Et nous étions ainsi engagés dans cette belle enculade lorsqu'un bruit de voiture se fit entendre. La baronne ! La petite pute brune se tortillait sur ma verge enflammée enfoncée très loin dans ses entrailles, elle gémissait et soufflait, et on entendait les pas de la baronne sur le gravier de l'allée.
La baronne poussa la porte de la serre et parut horrifiée du spectacle que nous lui offrions : son amie les mains posées sur une étagère de semis, penchée en avant, jambes écartées et le cul projeté sur mon ventre, engouffrant ma queue et la relachant tour à tour en se torillant comme une damnée et moi la tenant et la claquant poussant ma verge au plus profond de son ventre ! La baronne restait là sidérée et suffocante, ses yeux écarquillés comme en présence du diable.
La voir ainsi me fit rire et débander à la fois.
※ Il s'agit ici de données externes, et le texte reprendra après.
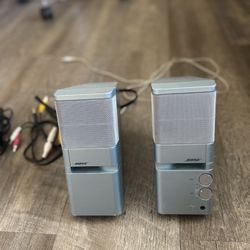 Bose Mediamate Portable Companion Laptop Computer Speaker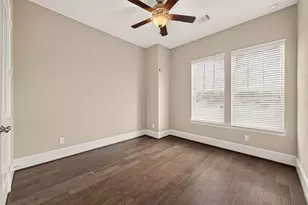8326 Ginger Oak St, Houston, TX 77055 - Photo 34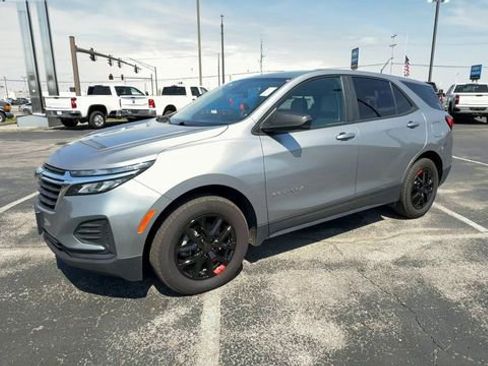 Used 2023 Chevrolet Equinox LS AWD/4WD image 4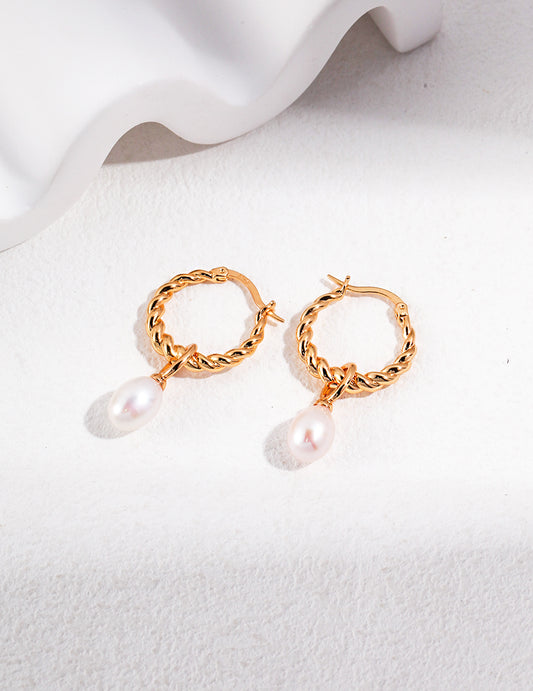 Twist-Style Natural Pearl Hoop Earrings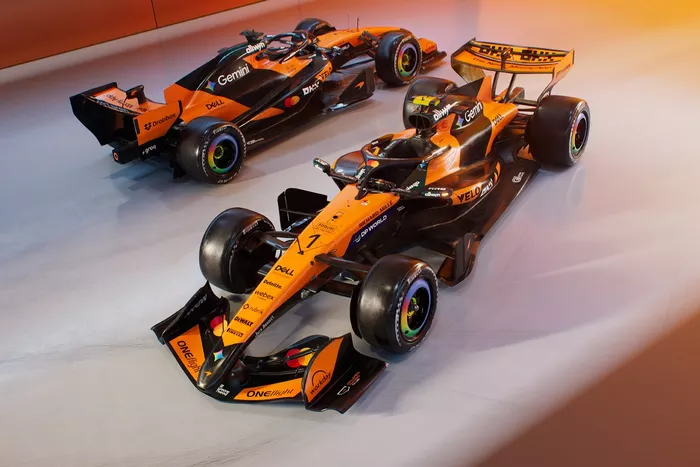 طلاء سيارة McLaren MCL40 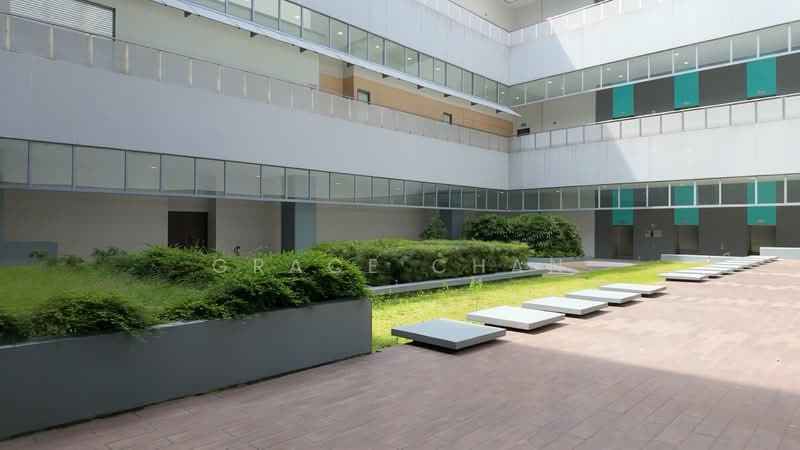 Showroom, Warehouse or Office, Toh Guan Road, 5,000 sqft, Light Industrial (B1) For Rent, by Grace Chan, 500140350 - Exterior - CommercialGuru.com.sg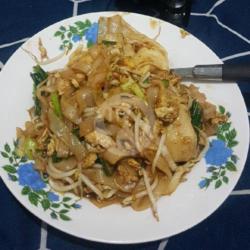 Kwetiau Pangsit Goreng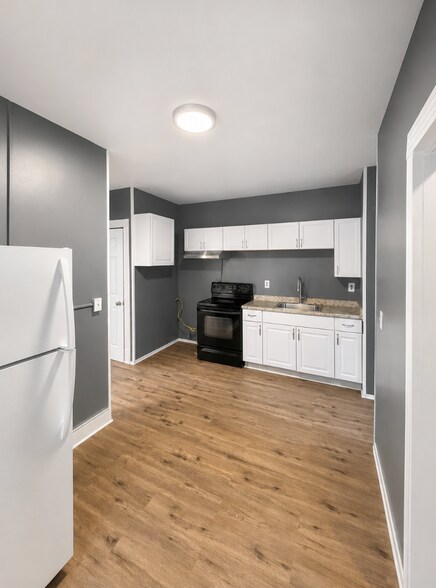 More Photos Of 42-44 Redding St, Hartford Apartments For Sale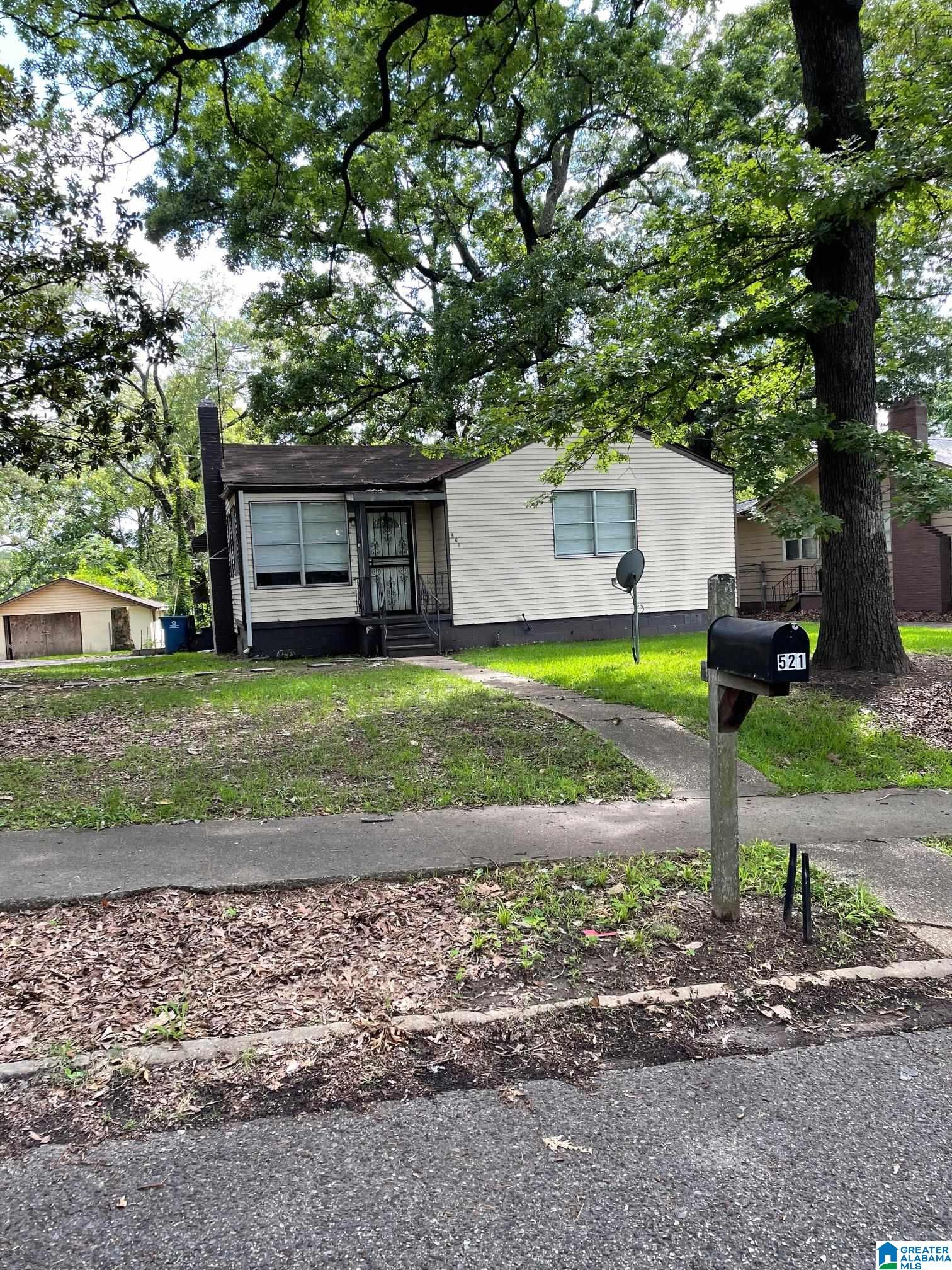 2nd image of 521 Osceola Circle, Fairfield, AL 35064 | MLS# 21461647
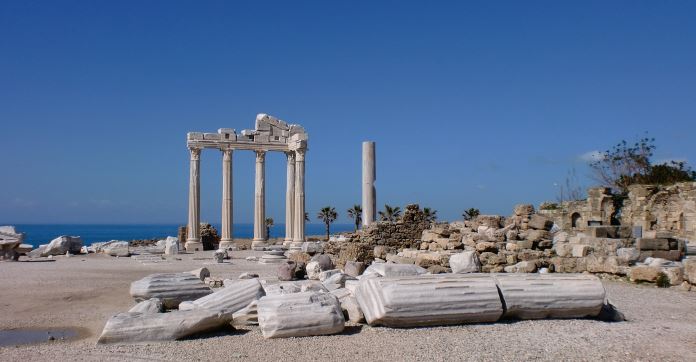 Die fünf Säulen des weißen Apollon Tempesl mit umliegenden Ruinen am Meer in Side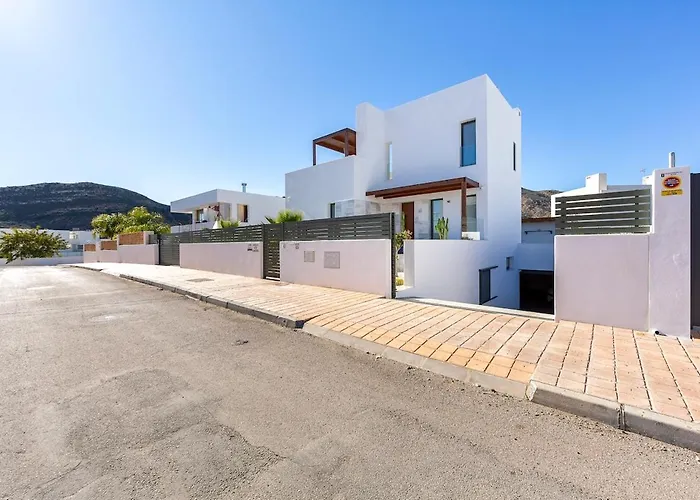 Long Stays # Beach 5Min # Sea Views # Eco-Friendly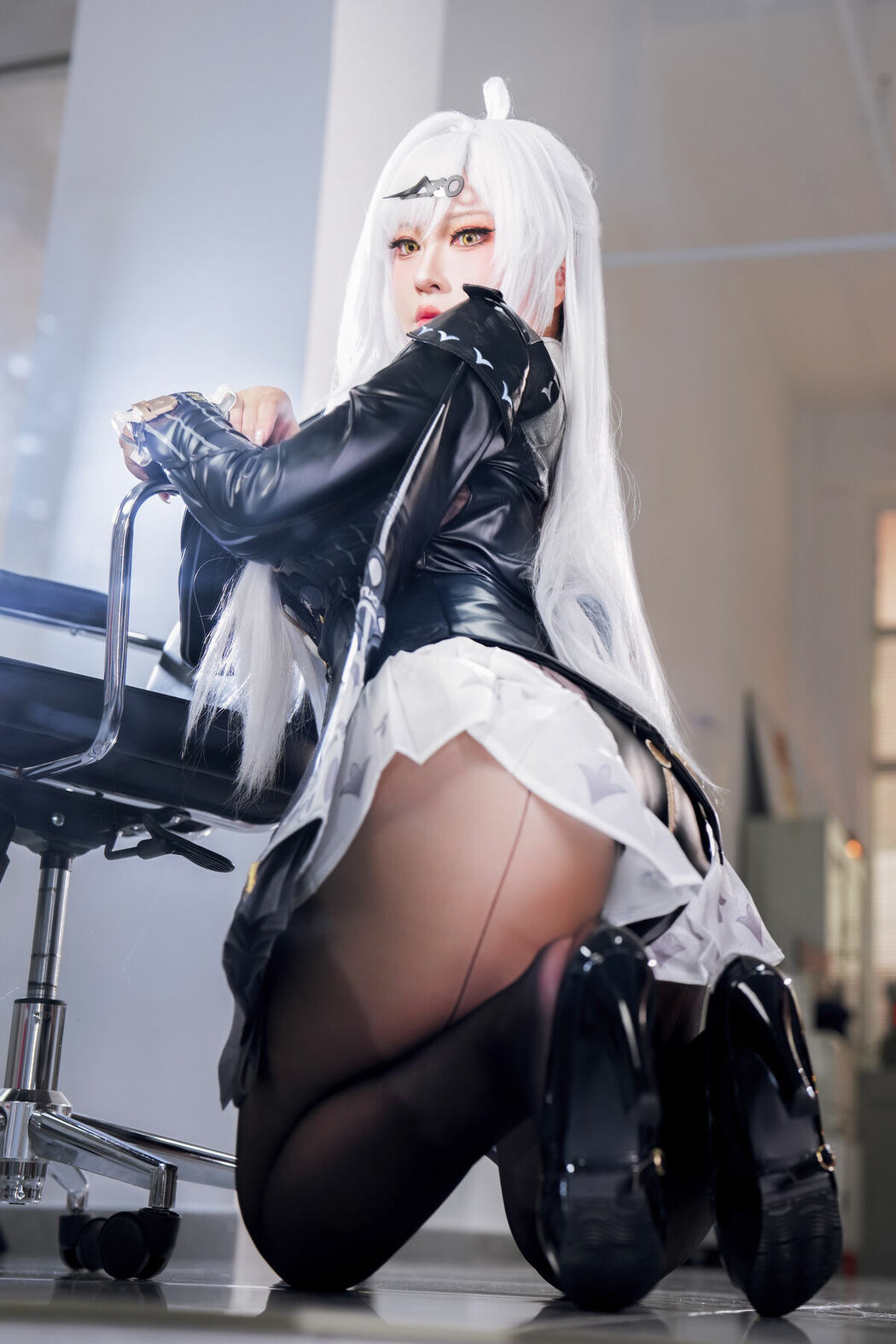 Coser@半半子 – 绝区零 儀玄師匠 墨形影踪 (52P – 4V)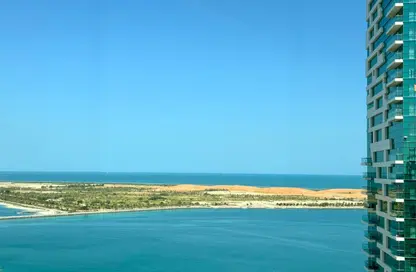 شقة - غرفة نوم - 2 حمامات للايجار في برج الجوهرة - شارع الكورنيش - أبوظبي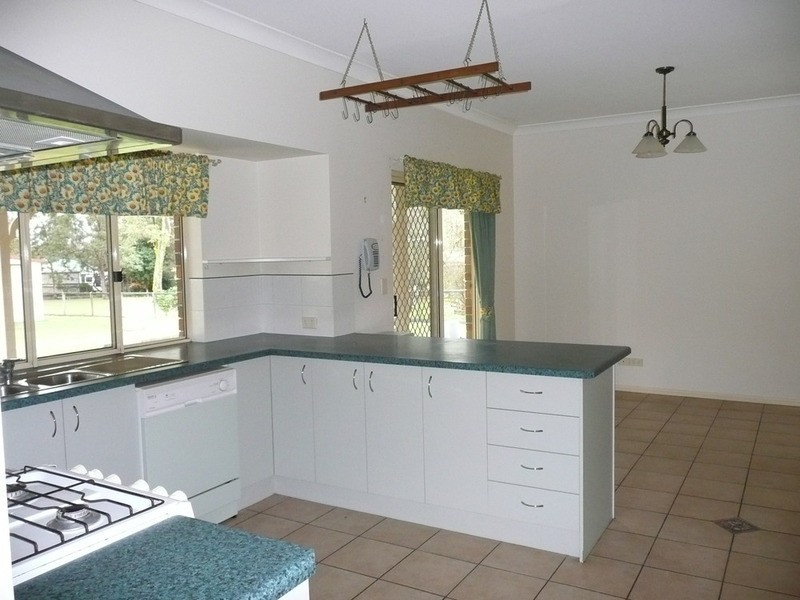 158-160 Carter Road, Munruben QLD 4125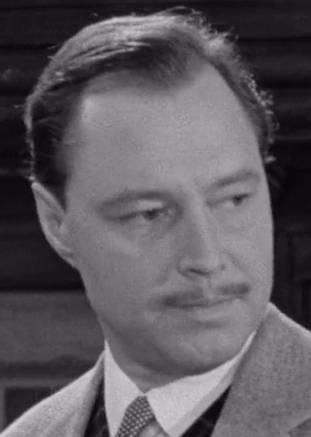  Ivan Desny dans Sherlock Holmes et le Collier de la mort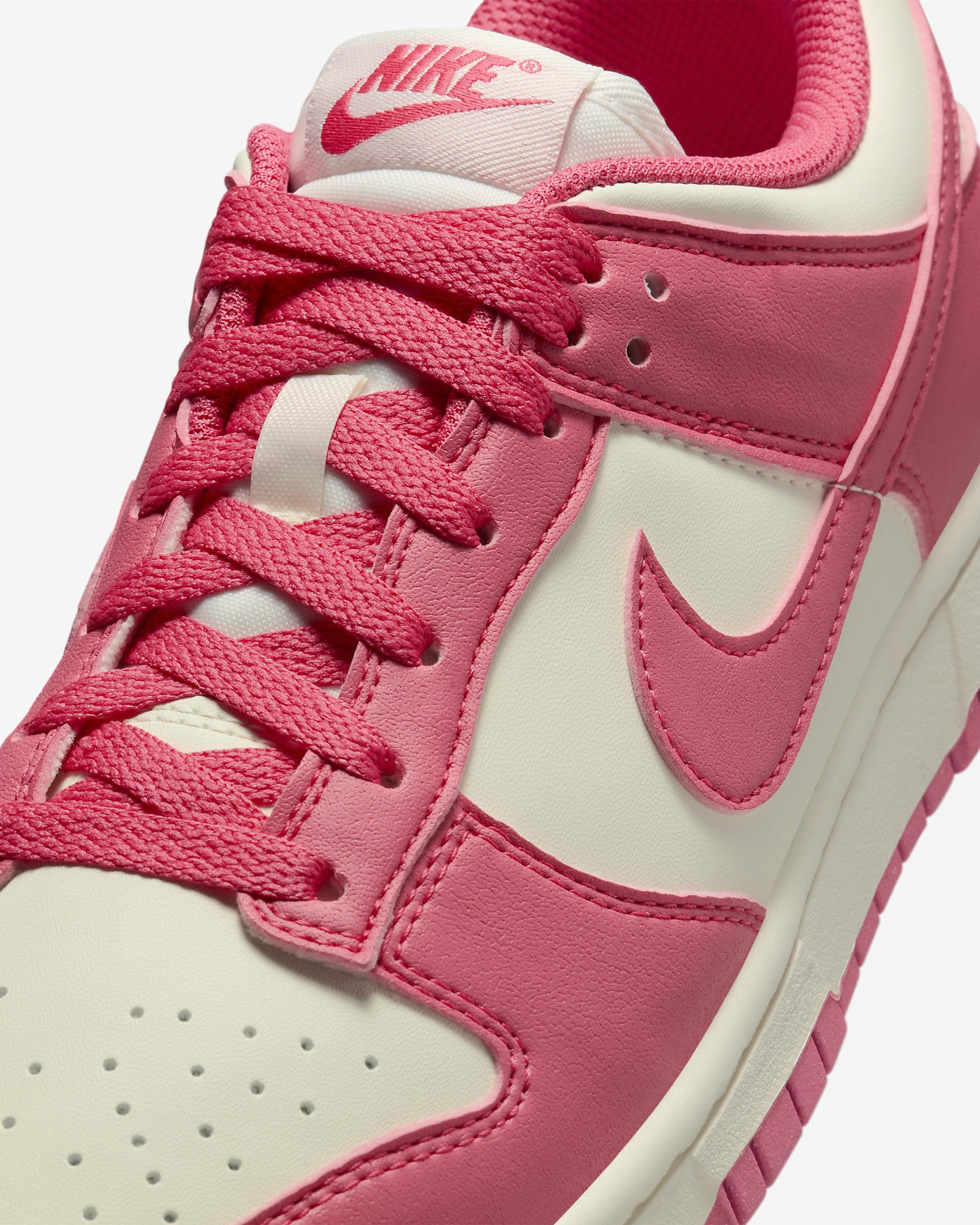 Nike Dunk Low Women's Shoes - 7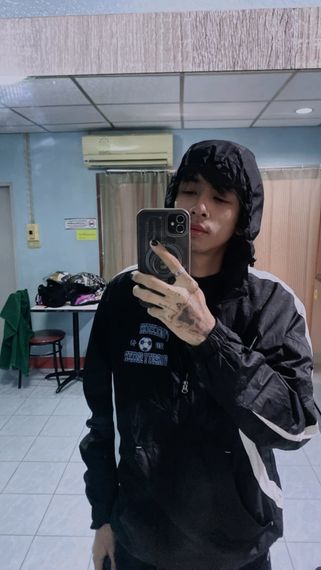 แชท หากิ๊ก  ที่อยู่ กรุงเทพมหานคร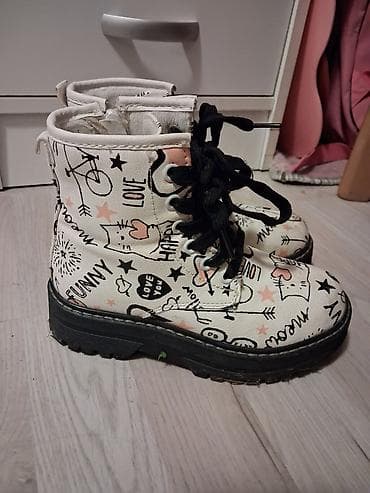 Dečje čizme sa pertlama i bočnim rajsferšlusom - Model: gležnjače sa na lalafo.rs — 1 Dečje čizme sa pertlama i bočnim rajsferšlusom - Model: gležnjače sa — 1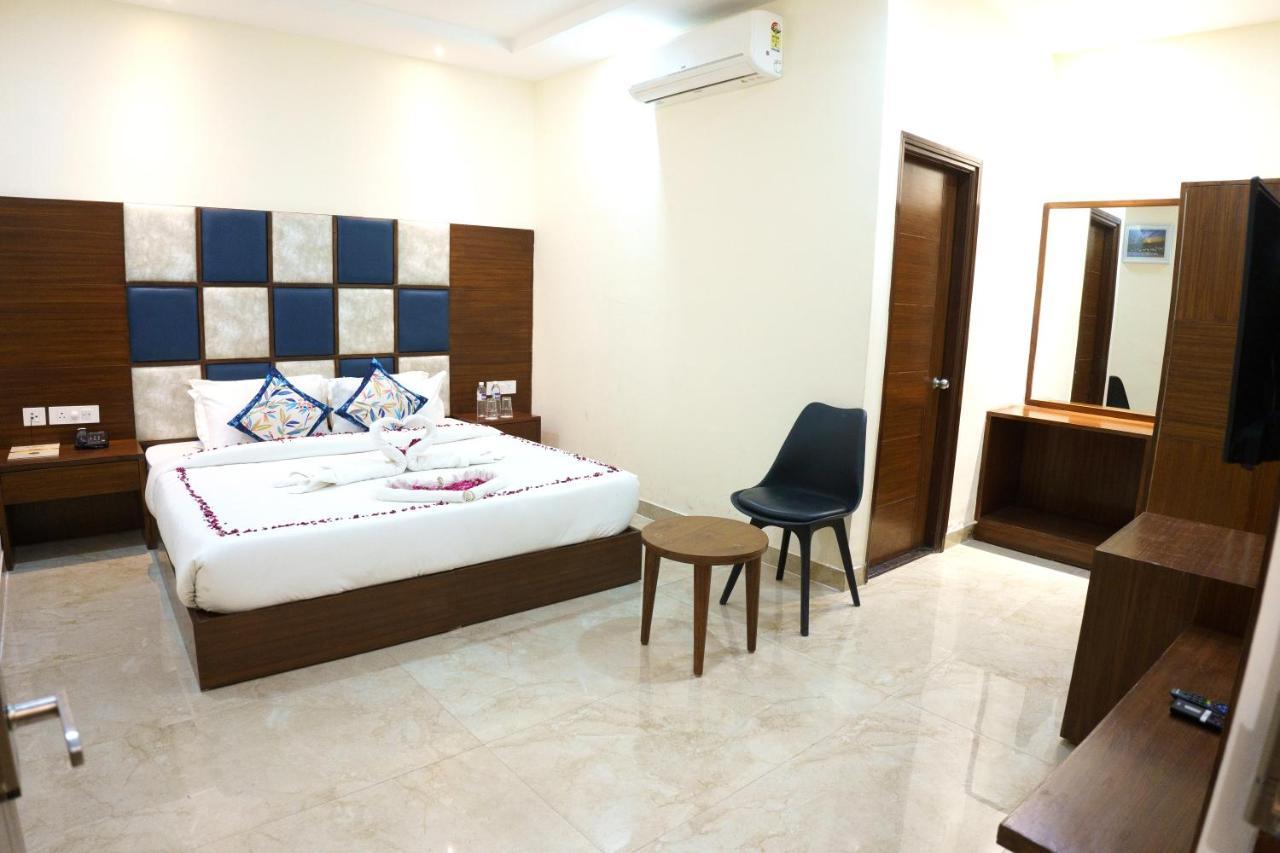 Hotel Vihaan Residency Zirakpur Bagian luar foto
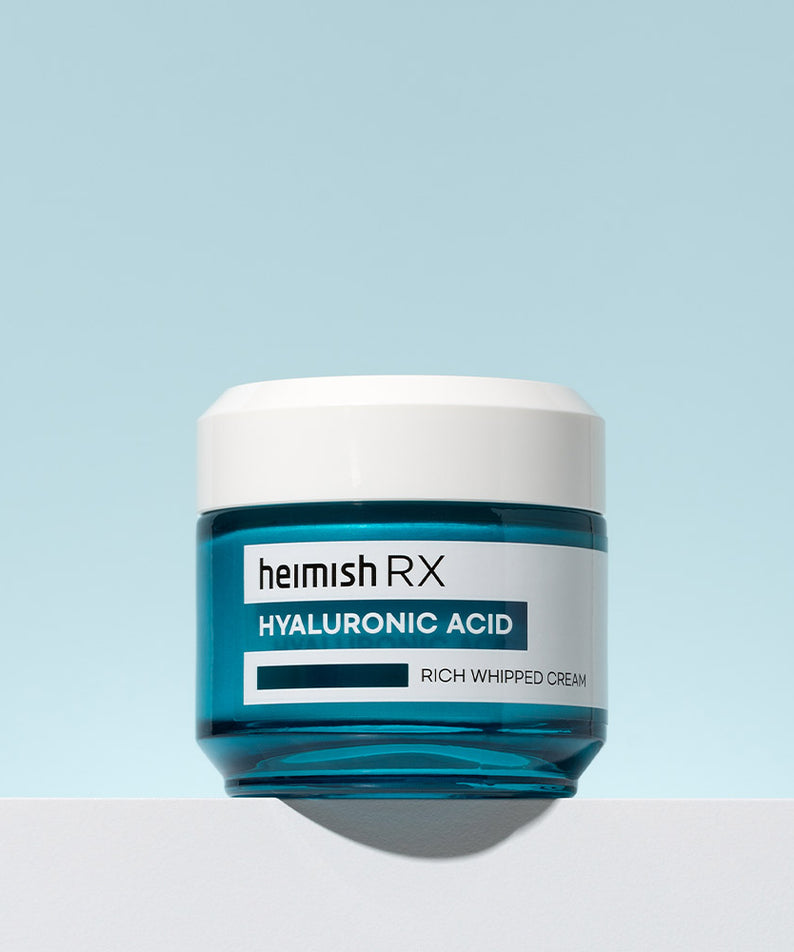 HEIMISH RX Hyaluronic Acid Rich Whipped Cream 50ml sur fond bleu clair, soin de la peau hydratant, crème fouettée riche en acide hyaluronique.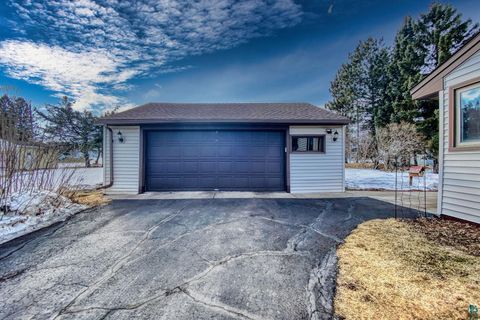 Tiny photo for 817 Maple Bend Dr, Duluth, MN 55811 (MLS # 6123967)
A mon grand regret, mon sexe en feu se ramollit bien vite et sortit malgré lui de son nid douillet. La petite brune poussa un râle de déception et, presque, de rage. La baronne fixa ses yeux horrifiés sur mon sexe encore bien disposé mais moins conquérant que naguère.
La petite brune poussa un soupir de soulagement et de déception ... Elle rit aussi, peut-être pour se donner une contenance. "Ah ma pauvre Isabelle, ce que tu peux être réac' quand même ! Tu en fais une tête parce que je prends mon pied avec ton jardinier ! Ou alors tu es jalouse, hein ?" hi hi et elle éclate d'un rire qui se voulait dégagé.